Search space constructs¶

This tutorial should give the reader a good understanding of how to write search spaces in DeepArchitect. All the visualizations generated in this tutorial can be found here.

Starting with a fixed Keras model¶

A simple example in Keras is a good starting point for understanding the search space representation language. DeepArchitect can be used with arbitrary frameworks (deep learning or otherwise) as the core codebase is composed mainly of wrappers. Consider the following example using Keras functional API pulled verbatim from here.

from keras.layers import Input, Dense
from keras.models import Model
from keras.utils import plot_model

inputs = Input(shape=(784,))
x = Dense(64, activation='relu')(inputs)
x = Dense(64, activation='relu')(x)
predictions = Dense(10, activation='softmax')(x)

Introducing independent hyperparameters¶

The code above defines a fixed two-layer network in Keras. Unfortunately, this code commits to specific values for the number of units and the activation type. A natural first step is to be less specific about these hyperparameters by searching over the number of layers and activations of each layer. We defined a few simple helper functions that allow us to take a function that returns a Keras layer and wraps it in a DeepArchitect module.

See below for a minimal adaptation of the above example in DeepArchitect.

import deep_architect.core as co
import deep_architect.modules as mo
import deep_architect.hyperparameters as hp
import deep_architect.helpers.keras_support as hke
from deep_architect.searchers.common import random_specify, specify

D = hp.Discrete
wrap_search_space_fn = lambda fn: mo.SearchSpaceFactory(fn).get_search_space


def dense(h_units, h_activation):
    return hke.siso_keras_module_from_keras_layer_fn(Dense, {
        "units": h_units,
        "activation": h_activation
    })


def search_space0():
    return mo.siso_sequential([
        dense(D([32, 64, 128, 256]), D(["relu", "sigmoid"])),
        dense(D([32, 64, 128, 256]), D(["relu", "sigmoid"])),
        dense(D([10]), D(["softmax"]))
    ])


(inputs, outputs) = wrap_search_space_fn(search_space0)()

This code defines a search space where the nonlinearities and number of units are chosen from a set of values rather than being fixed upfront. In this case, the hyperparameters are independent for each of the modules. The search space captures possible values for these hyperparameters.

In DeepArchitect, we have implemented some auxiliary tools to visualize the search search as a graph.

import deep_architect.visualization as vi
vi.draw_graph(
    outputs,
    draw_module_hyperparameter_info=False,
    graph_name='graph0_first')

The connections between modules are fixed. In the construction of the search space, all function calls return dictionaries of inputs and outputs. Typically, we use a searcher, but in this example we will use a simple function from the search tools that randomly chooses values for all unsassigned independent hyperparameters in the search space.
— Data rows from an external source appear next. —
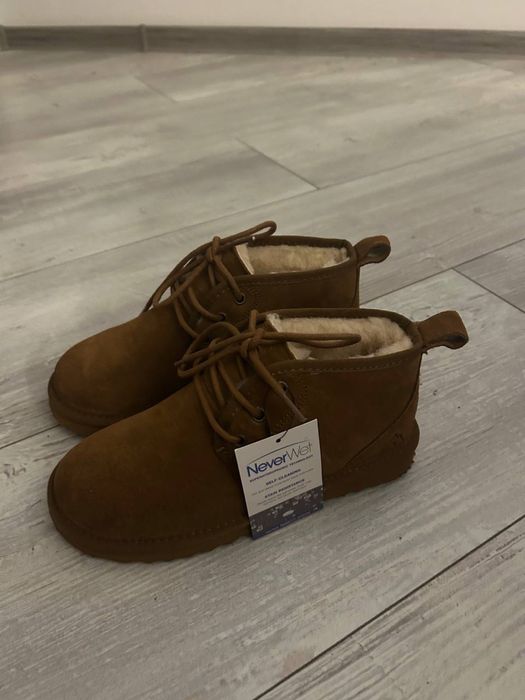 Нові ботинки- угги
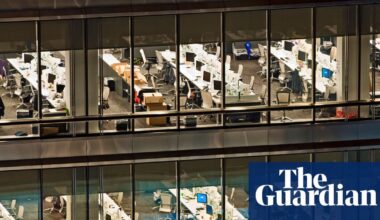 More than a quarter of Britons say they fear losing jobs to AI in next five years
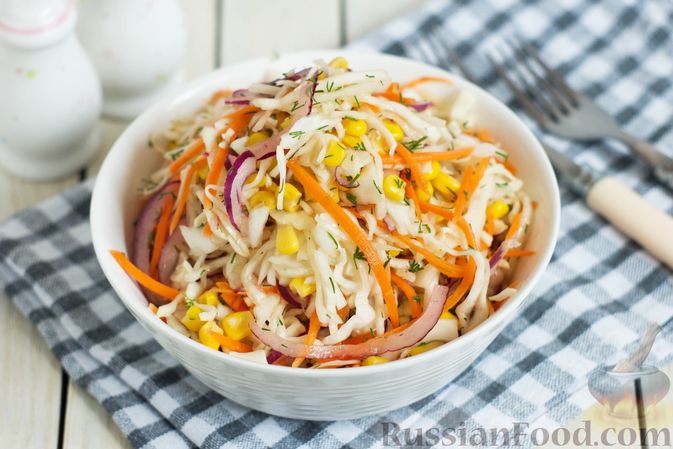Фото к рецепту: Салат из капусты с морковью, кукурузой и красным луком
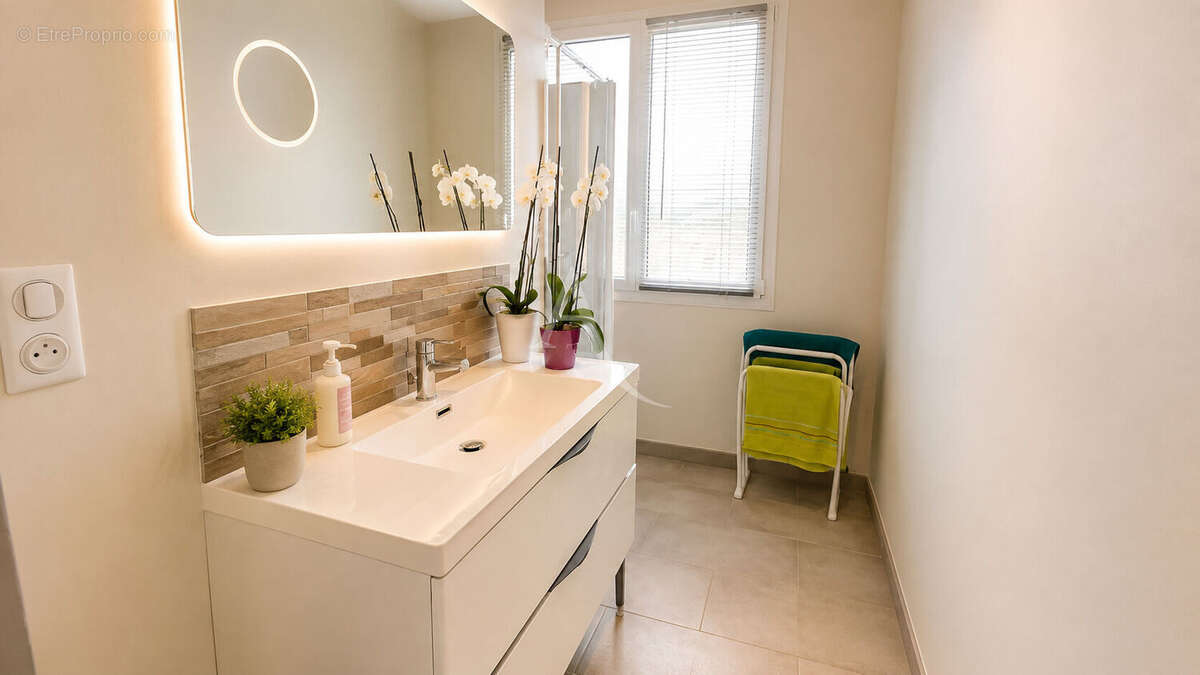 Maison de 8 pièces de 191 m² à Saint-Pierre-des-Corps - photo 7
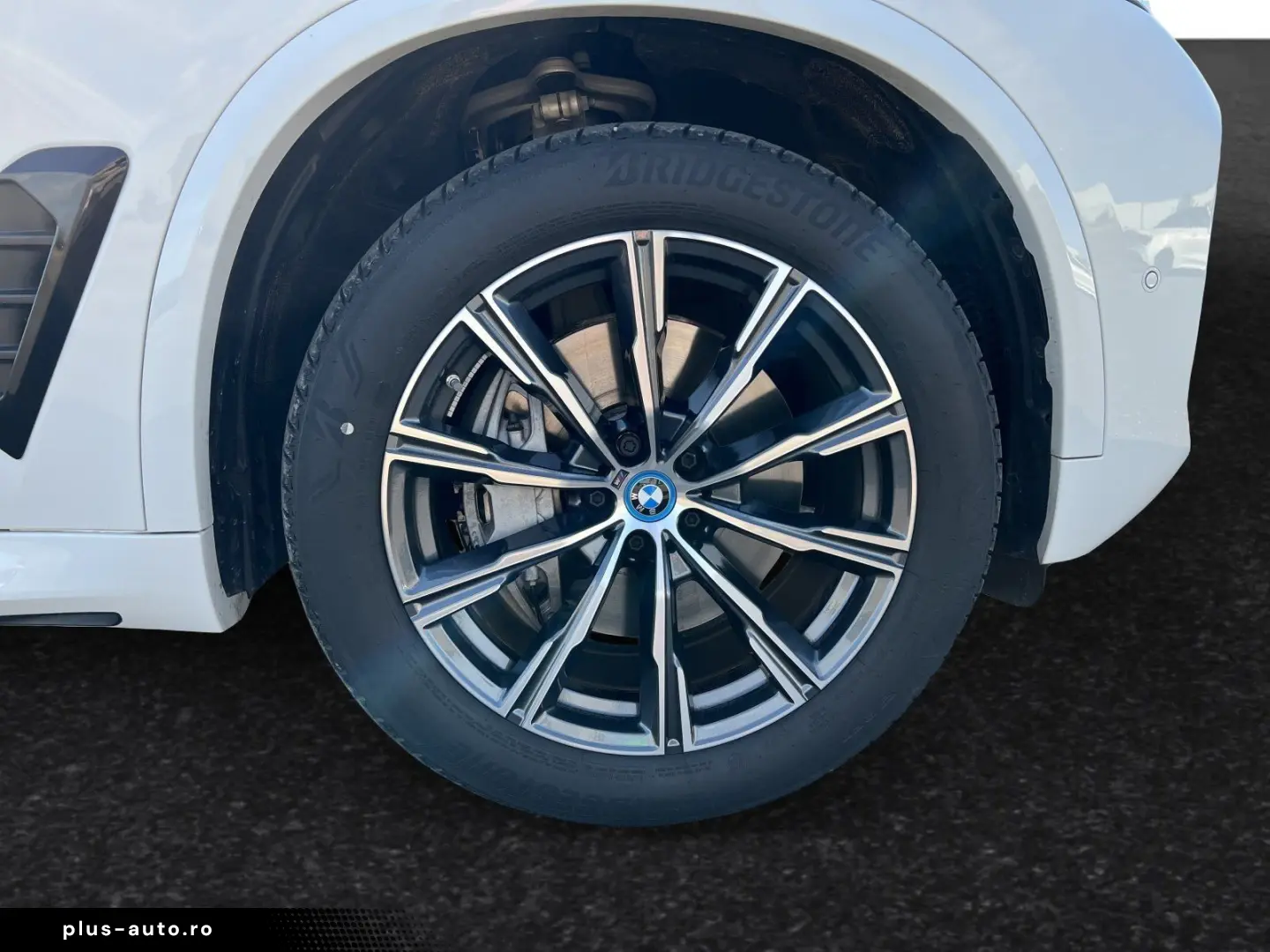 BMW X5 xDrive50e M Sport AHK Pano LCProf. H K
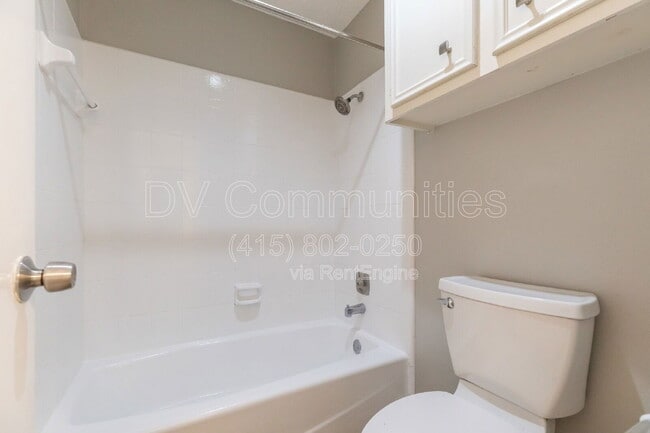 Building Photo - 16022 Spinnaker Dr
In the graph, modules are represented by rectangles and hyperparameters are represented by ovals. An edge between two rectangles represents the output of a module going into an input of the other modules. An edge between a rectangle and a oval represents a dependency of a module on a hyperparameter. Check here for all search space visualizations generated in this tutorial.

import deep_architect.searchers.common as seco
vs = seco.random_specify(outputs)
x = Input(shape=(784,))
co.forward({inputs["in"]: x})
y = outputs["out"].val
print(vs)

deep_architect.searchers.common.random_specify() iterates over independent hyperparameters that have not yet been assigned a value and chooses a value uniformly at random from the set of possible values. After all hyperparameters have been assigned values, we have the following search space:

vi.draw_graph(
    outputs,
    draw_module_hyperparameter_info=False,
    graph_name='graph0_last')

Edges between hyperparameters and modules have been labeled with the values chosen for the hyperparameters. The graph transitions with each value assignment to an independent hyperparameter. We can visualize these graph transitions as a frame sequence:

(inputs, outputs) = wrap_search_space_fn(search_space0)()

vi.draw_graph_evolution(
    outputs,
    vs,
    '.',
    draw_module_hyperparameter_info=False,
    graph_name='graph0_evo')

We ask the reader to pay attention to how the edges connecting hyperparameters to modules change with each transition. This search space is very simple. This functionality is more insightful for more complex search spaces.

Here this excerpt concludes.